In opposition to the motion, plaintiff provides an affirmation from counsel and a copy of the transcript of his 50-h hearing, taken on August 3, 2018. Therein, he states that the dog had "vicious propensities" as he had previously [February 2018] seen it "attacking another dog." No further specifics are provided at that time. He testified that he had three bags of food and the woman with the dog entered the elevator and the dog went for the food and bit his finger [Doc 36 Page 62].
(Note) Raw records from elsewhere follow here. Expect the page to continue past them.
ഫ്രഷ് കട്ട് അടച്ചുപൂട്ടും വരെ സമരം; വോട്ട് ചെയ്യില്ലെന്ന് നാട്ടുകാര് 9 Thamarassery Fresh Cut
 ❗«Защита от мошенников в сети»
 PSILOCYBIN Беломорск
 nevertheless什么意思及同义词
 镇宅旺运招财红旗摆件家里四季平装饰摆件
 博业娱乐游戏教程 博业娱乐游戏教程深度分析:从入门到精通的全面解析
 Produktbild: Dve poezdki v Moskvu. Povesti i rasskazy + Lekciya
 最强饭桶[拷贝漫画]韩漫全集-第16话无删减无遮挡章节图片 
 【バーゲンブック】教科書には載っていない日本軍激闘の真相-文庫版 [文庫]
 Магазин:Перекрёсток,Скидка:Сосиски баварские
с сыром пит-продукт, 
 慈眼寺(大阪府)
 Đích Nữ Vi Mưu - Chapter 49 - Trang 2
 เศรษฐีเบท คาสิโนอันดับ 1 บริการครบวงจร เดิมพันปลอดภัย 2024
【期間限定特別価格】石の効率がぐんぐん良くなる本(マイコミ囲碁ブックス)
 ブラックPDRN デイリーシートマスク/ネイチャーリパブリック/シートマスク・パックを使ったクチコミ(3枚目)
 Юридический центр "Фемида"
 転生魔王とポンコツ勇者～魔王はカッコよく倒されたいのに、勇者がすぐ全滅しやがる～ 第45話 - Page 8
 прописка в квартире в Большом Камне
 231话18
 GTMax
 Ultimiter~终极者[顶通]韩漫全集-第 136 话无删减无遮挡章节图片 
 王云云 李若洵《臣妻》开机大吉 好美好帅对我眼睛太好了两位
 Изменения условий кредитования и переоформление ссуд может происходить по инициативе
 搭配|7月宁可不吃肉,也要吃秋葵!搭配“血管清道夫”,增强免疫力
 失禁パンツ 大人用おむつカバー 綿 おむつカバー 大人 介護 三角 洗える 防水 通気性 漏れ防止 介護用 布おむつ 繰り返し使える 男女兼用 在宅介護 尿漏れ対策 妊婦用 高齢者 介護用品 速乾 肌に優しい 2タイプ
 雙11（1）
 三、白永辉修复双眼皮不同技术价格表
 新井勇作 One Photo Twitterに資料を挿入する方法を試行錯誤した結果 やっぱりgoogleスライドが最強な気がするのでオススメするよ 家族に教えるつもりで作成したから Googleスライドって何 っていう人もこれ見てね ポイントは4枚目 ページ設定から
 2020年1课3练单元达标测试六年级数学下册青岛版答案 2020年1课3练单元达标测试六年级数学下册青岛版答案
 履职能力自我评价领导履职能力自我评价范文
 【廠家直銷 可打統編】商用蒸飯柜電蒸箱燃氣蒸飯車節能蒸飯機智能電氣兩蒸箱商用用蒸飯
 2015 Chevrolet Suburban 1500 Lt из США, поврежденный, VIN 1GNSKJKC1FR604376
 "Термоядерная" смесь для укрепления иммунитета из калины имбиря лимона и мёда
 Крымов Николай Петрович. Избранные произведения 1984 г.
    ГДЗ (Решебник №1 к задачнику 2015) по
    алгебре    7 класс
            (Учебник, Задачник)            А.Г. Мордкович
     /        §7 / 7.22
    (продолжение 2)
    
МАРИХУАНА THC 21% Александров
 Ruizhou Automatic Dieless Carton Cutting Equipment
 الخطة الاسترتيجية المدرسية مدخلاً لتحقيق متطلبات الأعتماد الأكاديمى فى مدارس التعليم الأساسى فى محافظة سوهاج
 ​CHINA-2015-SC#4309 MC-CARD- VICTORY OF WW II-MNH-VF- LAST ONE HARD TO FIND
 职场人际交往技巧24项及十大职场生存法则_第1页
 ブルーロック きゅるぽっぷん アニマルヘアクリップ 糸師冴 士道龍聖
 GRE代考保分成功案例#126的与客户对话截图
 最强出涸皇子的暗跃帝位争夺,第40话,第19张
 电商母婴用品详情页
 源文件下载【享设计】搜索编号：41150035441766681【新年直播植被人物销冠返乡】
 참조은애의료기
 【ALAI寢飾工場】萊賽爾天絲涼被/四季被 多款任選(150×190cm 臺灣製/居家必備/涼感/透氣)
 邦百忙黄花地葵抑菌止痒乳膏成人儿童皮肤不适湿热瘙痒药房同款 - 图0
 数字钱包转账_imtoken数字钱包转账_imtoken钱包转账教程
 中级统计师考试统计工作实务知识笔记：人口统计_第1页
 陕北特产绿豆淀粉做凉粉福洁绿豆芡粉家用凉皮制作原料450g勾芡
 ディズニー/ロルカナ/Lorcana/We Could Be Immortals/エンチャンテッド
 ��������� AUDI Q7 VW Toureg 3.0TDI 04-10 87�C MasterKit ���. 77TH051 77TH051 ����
At his EBT, conducted three years after the incident, plaintiff was asked about the February siting of this same dog. He said [Page 129] an unidentified employee told him the dog "had been trying to attack other dogs." That is hearsay, of course. His personal observation was "it barked several times and then it started pulling to attack the other dog." This does not describe "vicious propensities" as the case law defines it. Dogs bark at each other. The court viewed all 197 references to the word "dog" in the first transcript and that is all there is on the issue of the dog having "vicious propensities." Plus, some difficulties with the Russian interpreter about the gender of the noun "dog" versus the gender of this dog. Funny, but irrelevant. In the second EBT transcript, Doc 25, there are 114 references to the word "dog." The questions return to the February observation. Plaintiff testified that the dog was on the sidewalk, and he observed it. He saw the dog see another dog and they [Page 155] "started sniffing each other or I don't know what." Then as he was entering the building, the other dog made a squealing noise and he turned around. They were about twenty feet away, on the grass. He concluded [Page1 55] "that dog was trying to bite the neck of the other dog." Asked what happened, he said [P 156-157] "they were taken apart and that's it. I did not notice anything else."
The court concludes that plaintiff has not overcome the defendant's prima facie case. He cannot identify the dog's owner, cannot establish that she lived at the building, and cannot identify the employee he spoke to or the other dog owner. Further, a plaintiff cannot establish that a dog had "vicious propensities" by observing it play or bark or even snap at another dog while on a leash. the dog barked at her and her dog and that the dog strained its leash toward her dog was insufficient to raise a triable issue of fact as to whether it had vicious propensities (Bukhtiyarova v Cohen, 172 A.D.3d 1153, 1155 [2d Dept 2019]). Even giving plaintiff the benefit of every possible inference, to deny this motion would be erroneous.
Accordingly, the motion is granted, and the complaint is dismissed.
This shall constitute the decision and order of the court.